START RECORDS FOR THE TASK

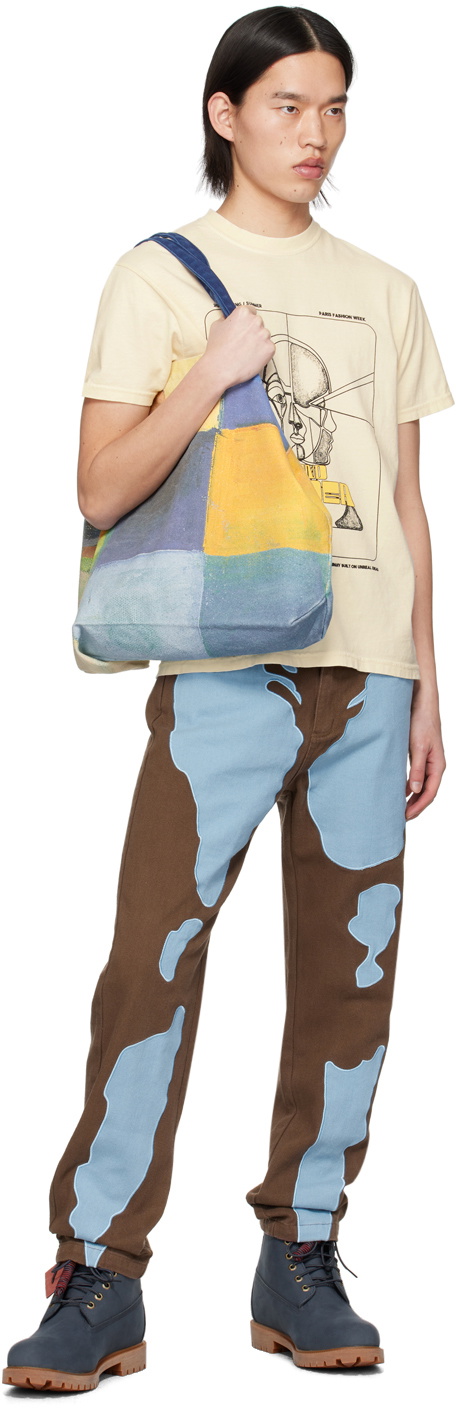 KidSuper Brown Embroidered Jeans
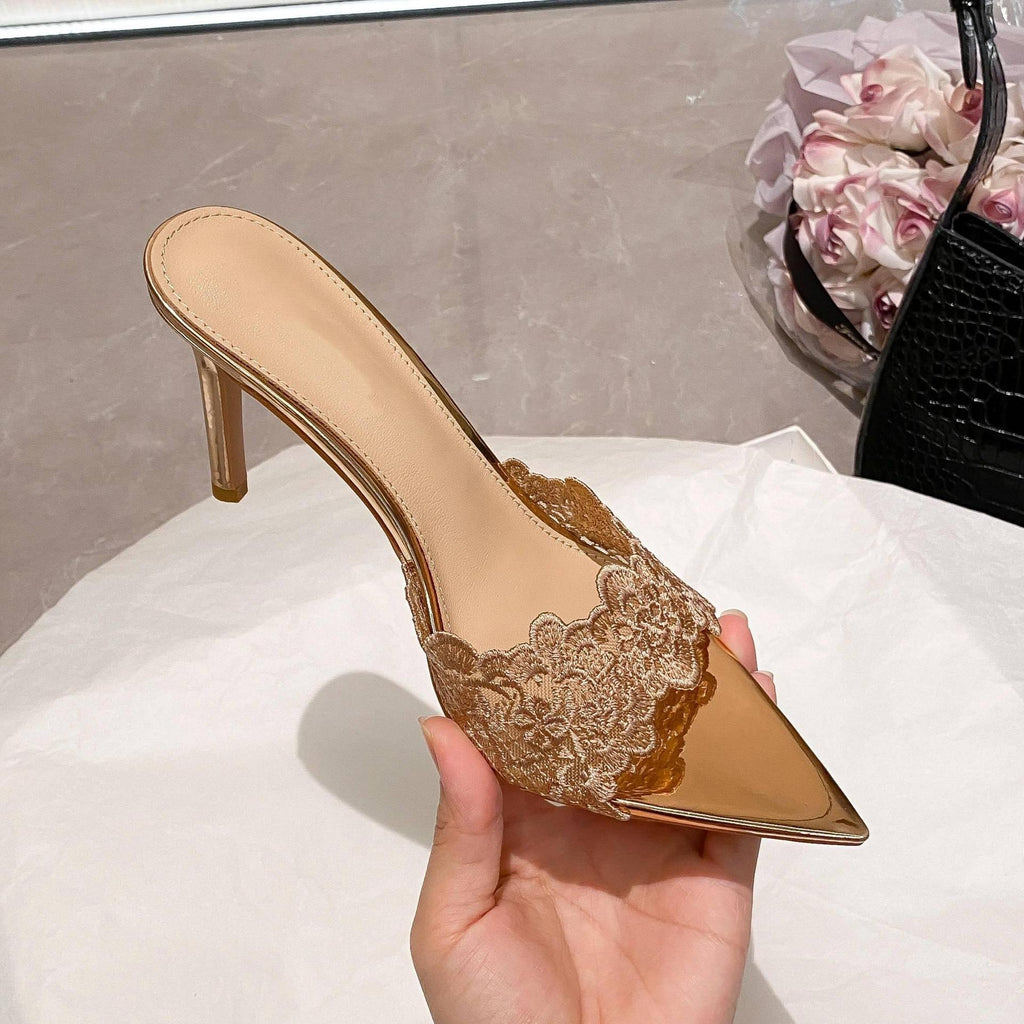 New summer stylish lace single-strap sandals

END RECORDS FOR THE TASK
START RECORDS FOR THE TASK

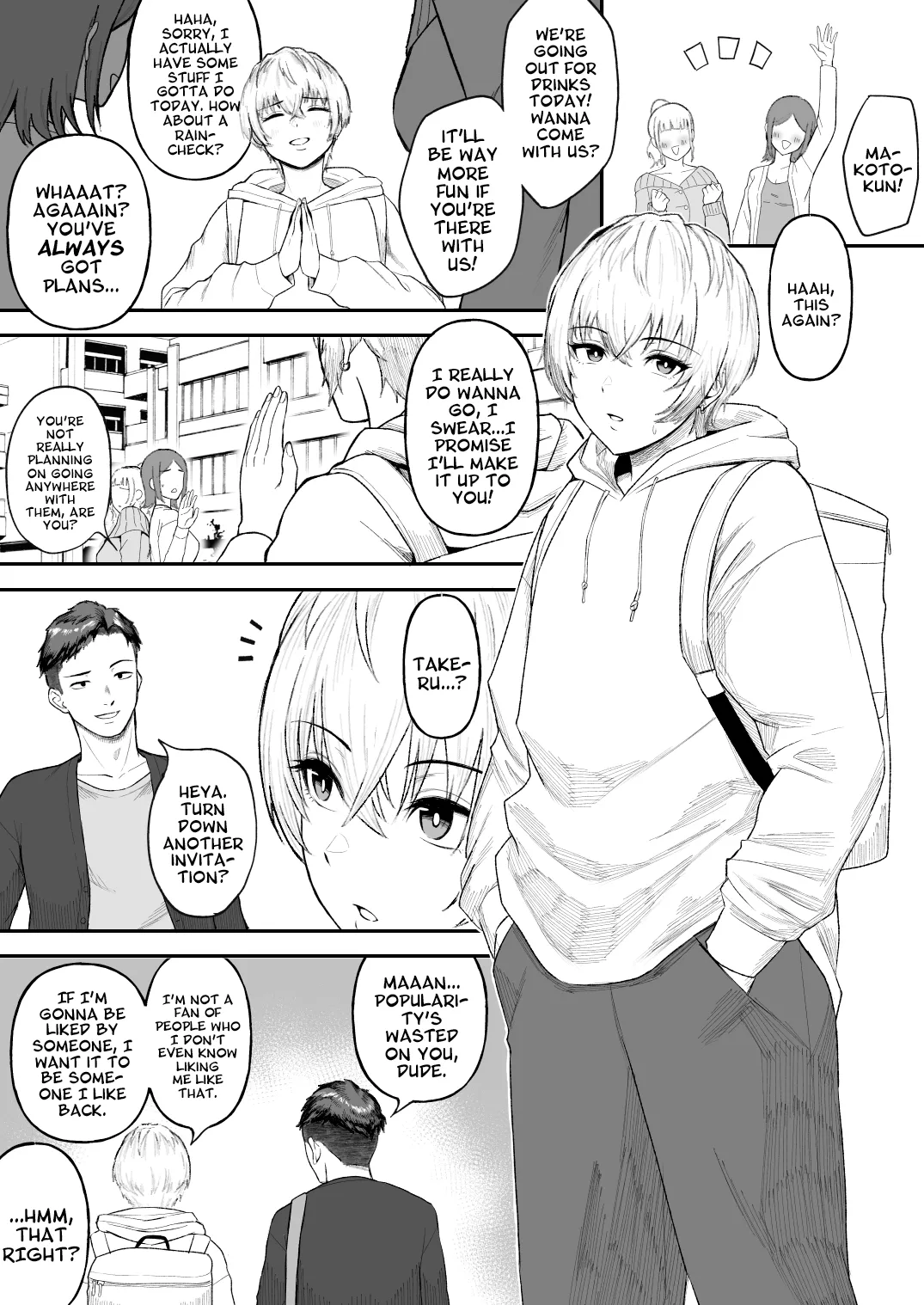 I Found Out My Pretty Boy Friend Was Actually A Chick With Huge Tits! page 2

END RECORDS FOR THE TASK

- [EXERCISE INSTRUCTIONS]
Please copy the lines above exactly, starting at the line that holds "KidSuper Brown Embroidered Jeans" and ending at the line that holds "New summer stylish lace single-strap sandals"; include both, but no pictures.

- [YOUR RESPONSE]
 KidSuper Brown Embroidered Jeans
 New summer stylish lace single-strap sandals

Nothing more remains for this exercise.